- What you have to do:
Skip every image and restate the data word for word.

- Supplied data:
* * * * * * *

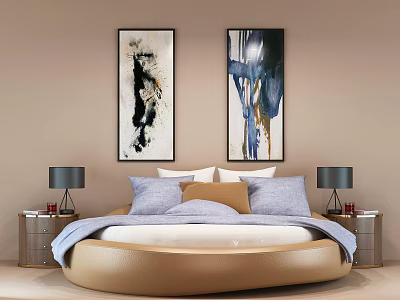 Round Bed Bedroom Interior With Two Paintings Nightstands Table Lamps Soft Pillows And Bedspread 3d model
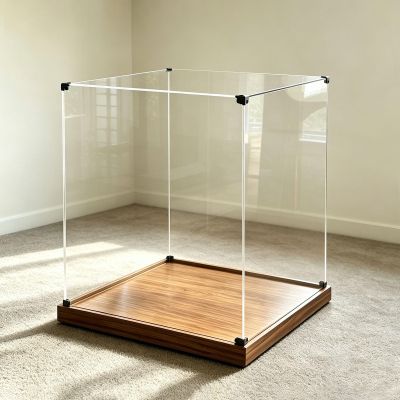 32 30 28 26 24in Cube Acrylic Box for Display, Extra Large Square Figures Organizing Case, Figurines Curio Diorama Showcase Woodgrain Base(30x30xH30cm/12x12x12in)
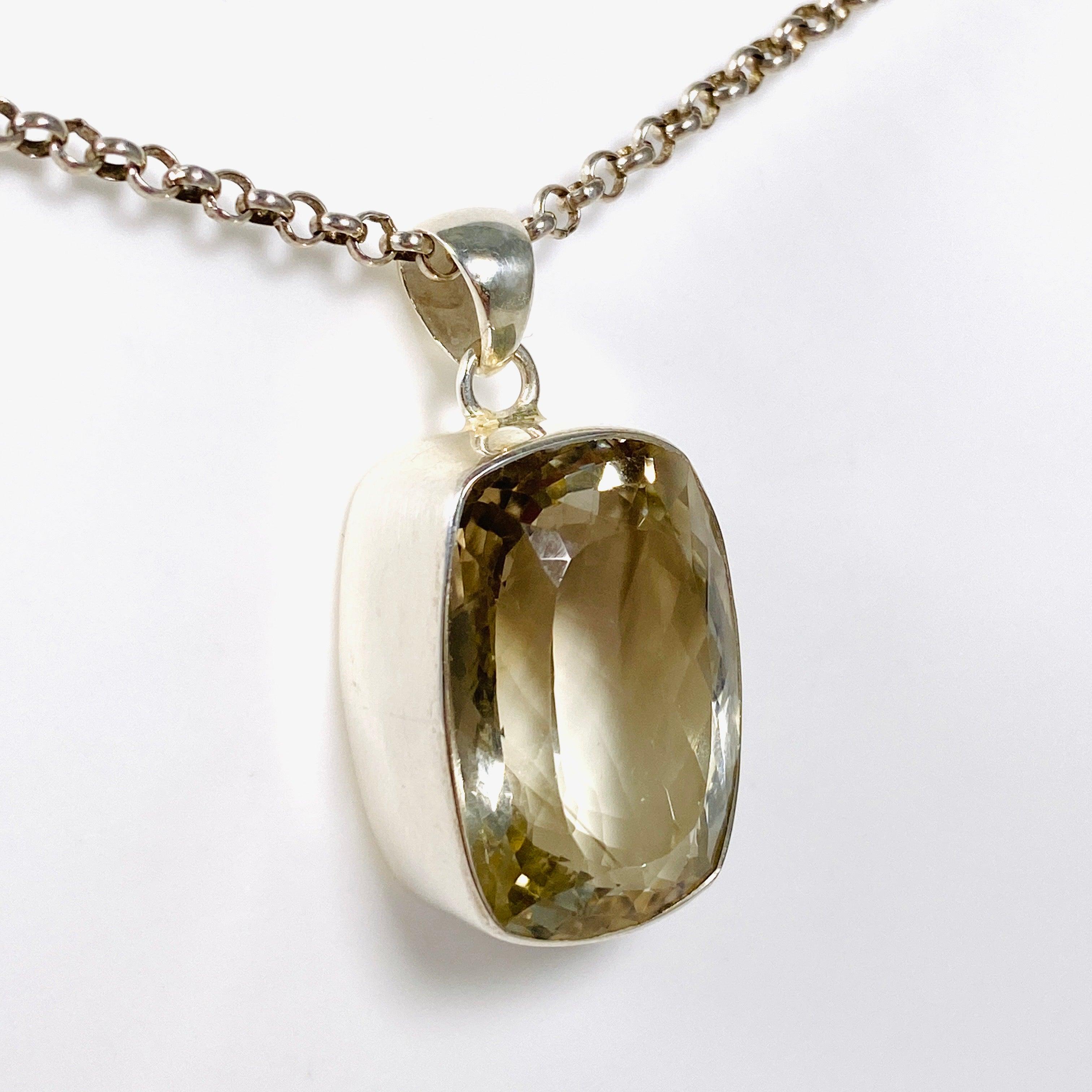 Smokey Lemon Quartz Faceted Rectangular Pendant Necklace - KPGJ3860 | Healing Crystal Jewelry for Meditation & Spiritual Energy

* * * * * * *

- Expected answer:
 Round Bed Bedroom Interior With Two Paintings Nightstands Table Lamps Soft Pillows And Bedspread 3d model
 32 30 28 26 24in Cube Acrylic Box for Display, Extra Large Square Figures Organizing Case, Figurines Curio Diorama Showcase Woodgrain Base(30x30xH30cm/12x12x12in)
 Smokey Lemon Quartz Faceted Rectangular Pendant Necklace - KPGJ3860 | Healing Crystal Jewelry for Meditation & Spiritual Energy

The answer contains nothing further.